PS. Here are some of my past explanations for dummies.

PS. Today 50% of my constituency, my grandchildren, gets to be 5 years old.

Wednesday, August 24, 2016

Was it an accident or is it a statist setup?

In 1988, suddenly, without asking anybody, least us citizens, bank regulators, for the purpose of setting the capital requirements for banks, decreed the risk weight of the sovereign, the government, to be Zero Percent, while the risk weight for We the People was set at 100%.

Not having to hold capital against sovereign debt permits banks to lend to government at lower rates; which translates into a regulatory subsidy of government debt.

Then in response to the 2007-08 crisis, itself a result from distorting bank regulations, central banks launched quantitative easing, which basically meant injecting liquidity into the economy by purchasing government debt; and for example the Fed has ended up with about of US$ 4.5 trillion in government paper.

Much of the liquidity injected went to prop up real estate, bonds and shares, but a lot of it spilled over into more demand for government paper.

Naturally, interest rates for public debt fell, and many, like pension funds, in order to adjust for their liabilities, had to purchase even more public debt.

And while regulatory subsidies of public debt are kept in place, this vicious circle will continue.

And to top it up, too many “experts” now advance the argument that government should take advantage of these low interest rates, to launch infrastructure projects.

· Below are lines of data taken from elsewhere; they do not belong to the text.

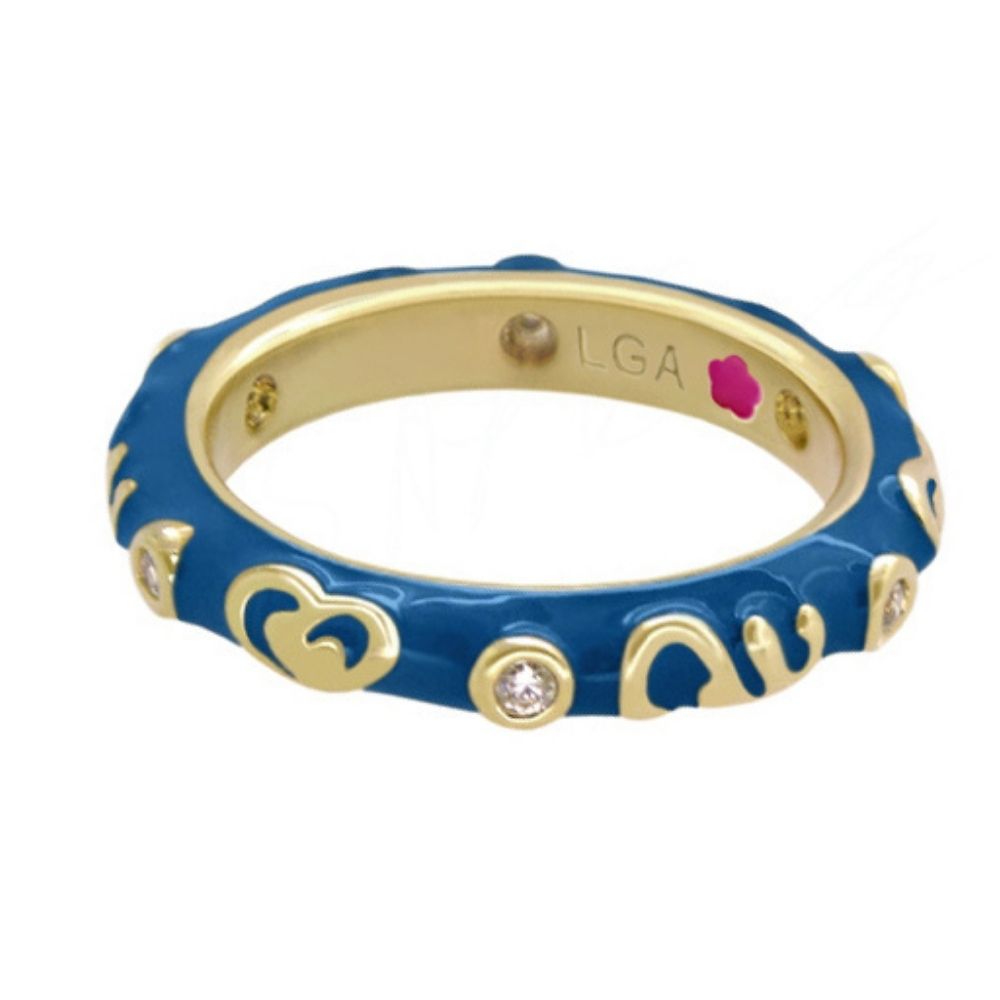 Stackable Desire Ring — Heart & Swirl Band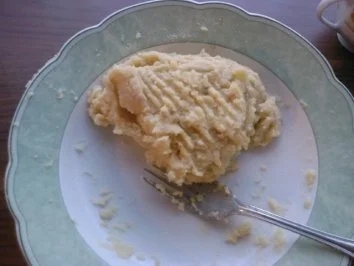 Rezept: Crusted Kartoffel Kabeljau (mit Kartoffelteig gratinierter Kabeljau) Bild Nr. 2 Crusted Kartoffel Kabeljau (mit Kartoffelteig gratinierter Kabeljau) - Rezept - Bild Nr. 2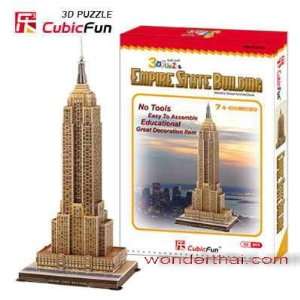 3D Puzzle Cubic Fun Empire State Building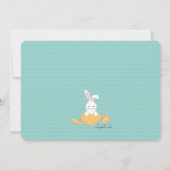 Invitation photo de Hatchling de Pâques Horizontal (Dos)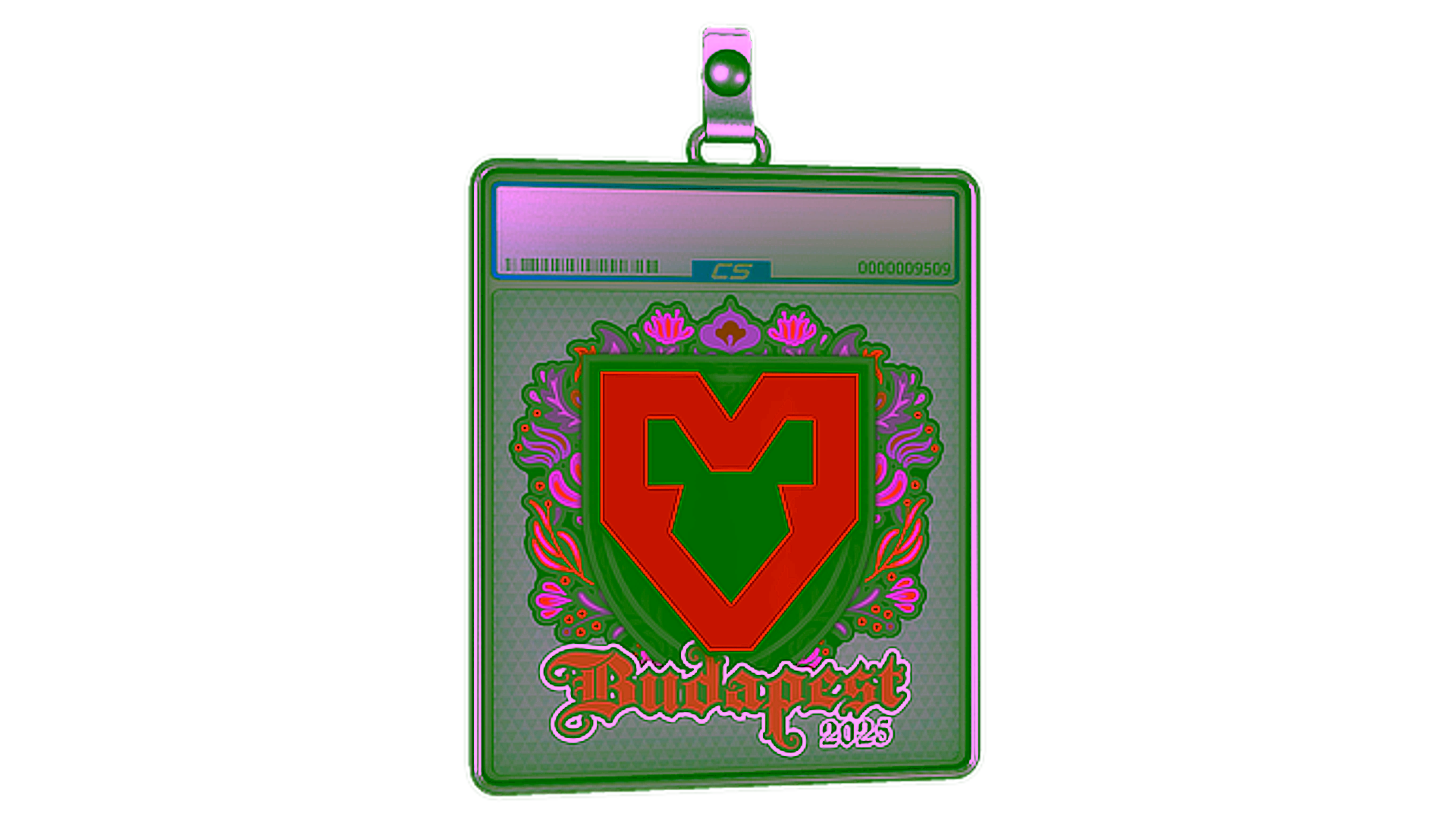 Rodyti Sticker Slab | MOUZ | Budapest 2025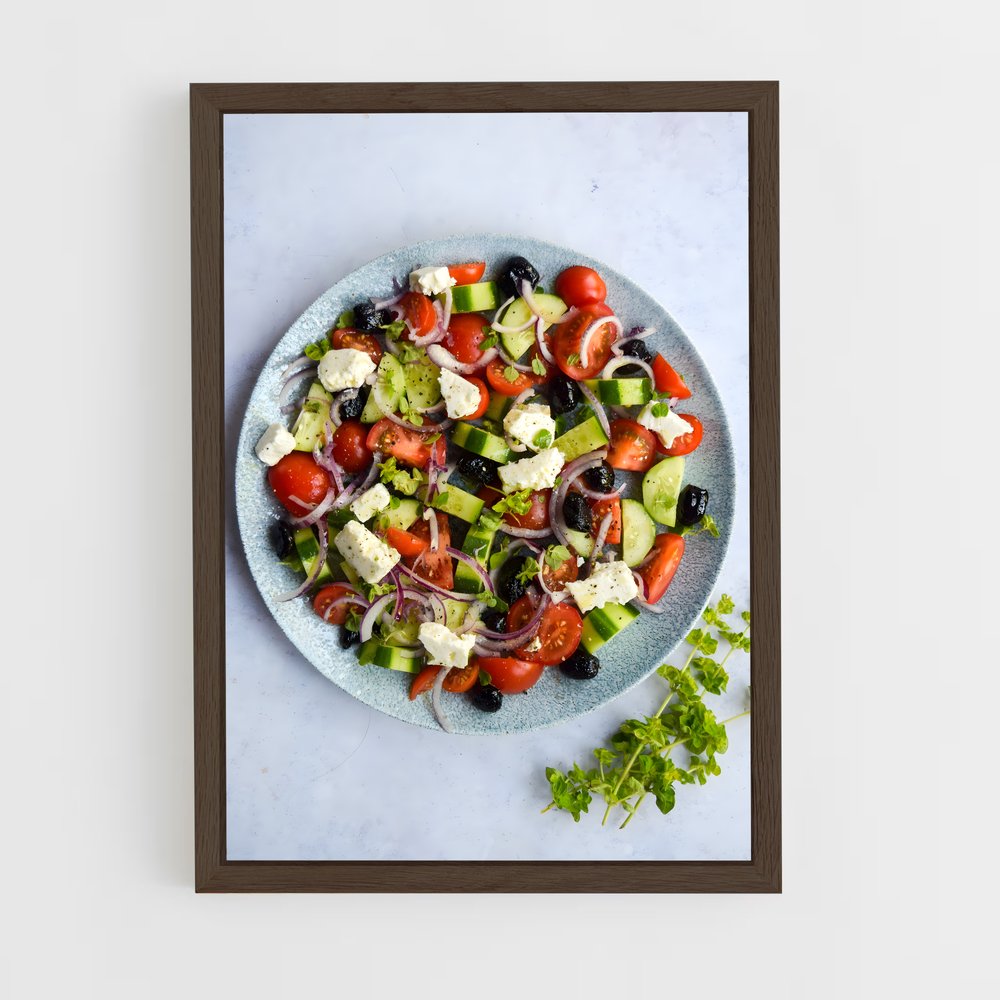 ap-greek salad-7 cadre Bois foncé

Let me be very clear about it, the fact that government might (artificially) even be paying a negative rate on its borrowings, does not mean it should borrow, because it is still very capable of investing those funds in projects yielding even more (real) negative rates.

I do not know how we got to this point, whether by accident or whether a set up by runaway statists. You tell me!

PS. When utilities were being privatized in South America, I often heard accusations in terms of “savage neo-liberalism”. Since these utilities were not adjudicated to whoever offered to serve us citizens the best and the cheapest, but to whoever offered to pay the government the most, a tax advance that left us with a huge bill to pay at private investment rates of return, to me those privatizations were much more an expression of sadist statism.

The solutions I offer are ignored. Might it be because these provide too little business to expertize and redistribution profiteers?

Before the 2007-08 crisis there was some economic growth resulting from a big expansion of credit, which was fed by some very low capital requirements to banks and that allowed these to, in some cases, leverage their equity over 50 to 1.

Then disaster struck, as a consequence of excessive exposures to what had very little capital requirements, like loans to sovereigns (Greece), investments in AAA rated securities and the financing of houses. 

In panic, floods of money, for instance by means of QEs, were poured over the economies, with little results to show for it, and now, the most important world economies, are stuck. Any additional stimuli, be it by means of public borrowing for infrastructure projects, QEs or low or negative interest rates will only complicate matters much more... like for pension plans.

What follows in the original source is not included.